(DATA SHOWN):
<<<<

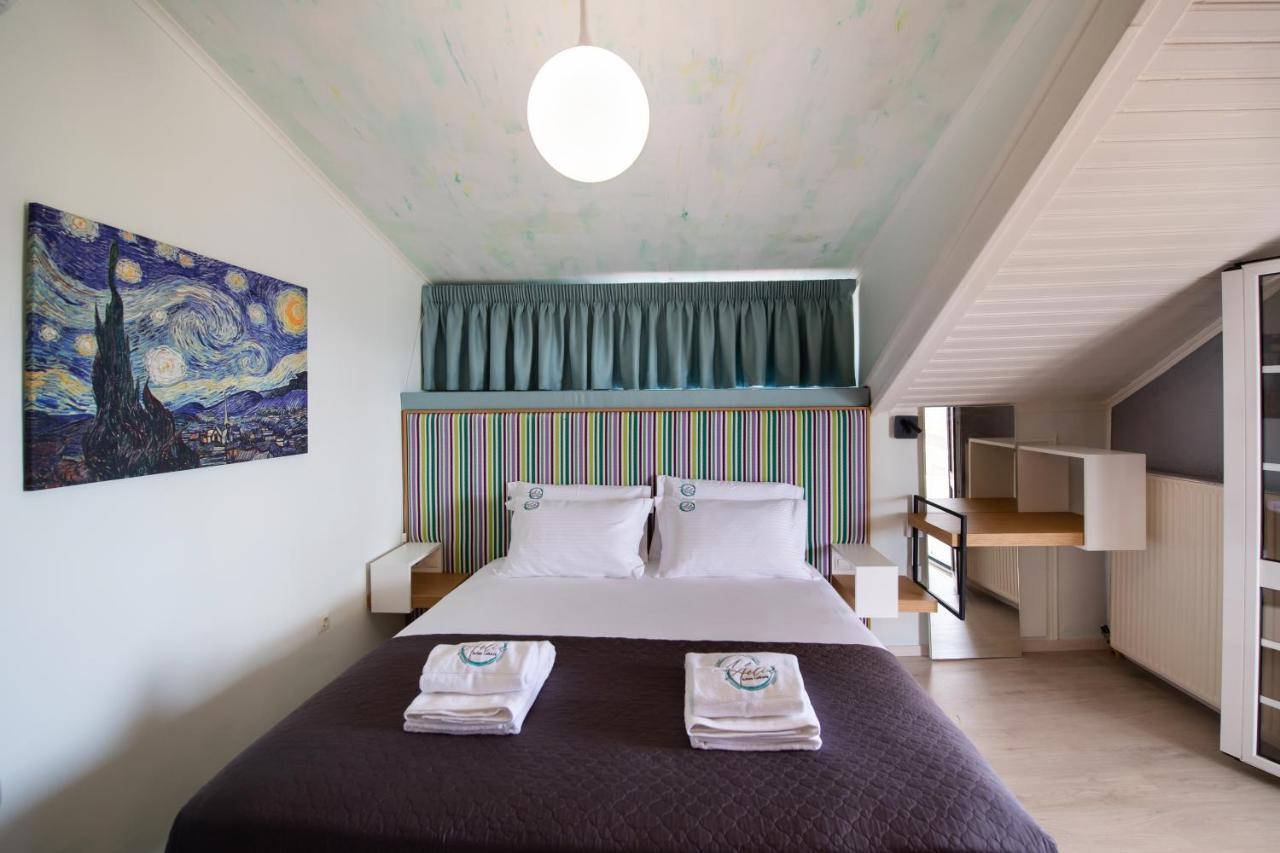 Aelia Suites Agios Petros  Екстер'єр фото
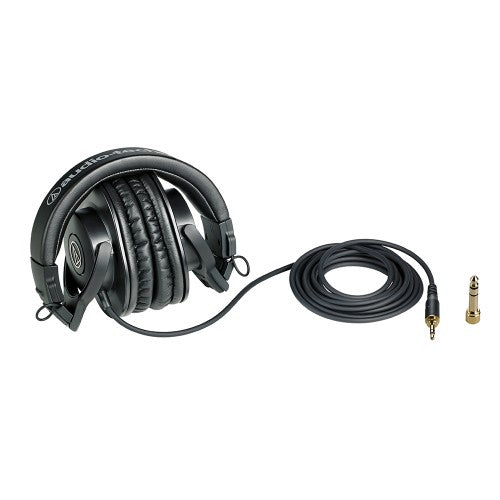 Audio-Technica ATH-M30X Professional Monitor Headphones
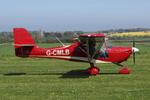 G-CMLB @ X3CX - Just landed at Northrepps. - by Graham Reeve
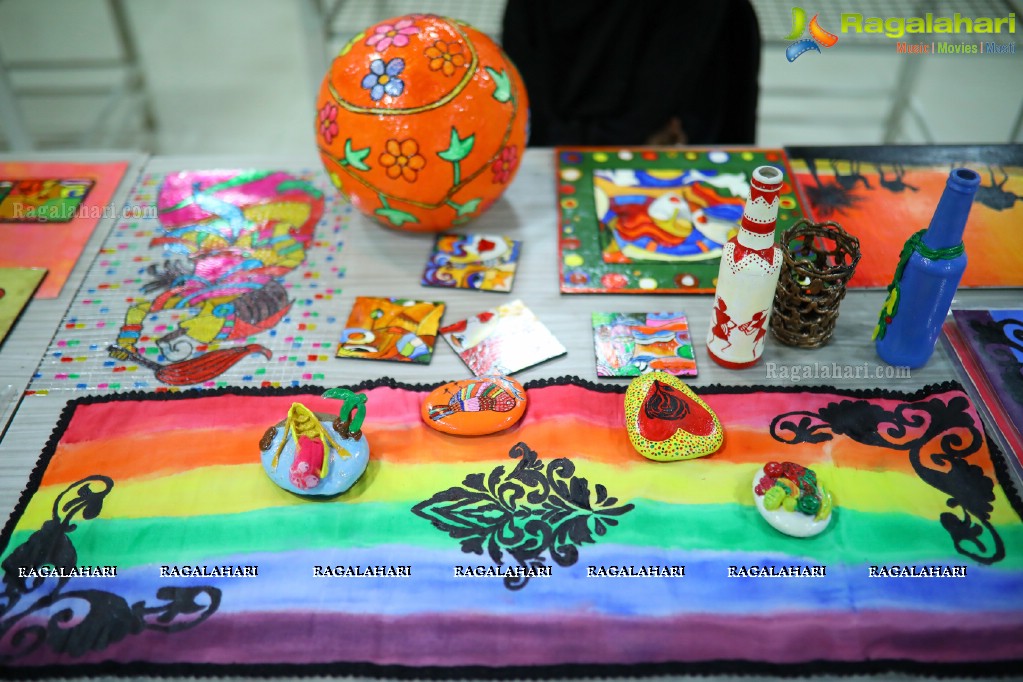 Lakhotia Institute of Design Craft Exhibition at LID Banjara Hills Campus, Hyderabad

>>>>

(HOW TO COMPLETE THIS TASK): Nothing but the lines from the one holding "G-CMLB @ X3CX" through the last line of the listing should appear in the answer, copied exactly and without pictures.

(OUTPUT BELOW):
 G-CMLB @ X3CX - Just landed at Northrepps. - by Graham Reeve
 Lakhotia Institute of Design Craft Exhibition at LID Banjara Hills Campus, Hyderabad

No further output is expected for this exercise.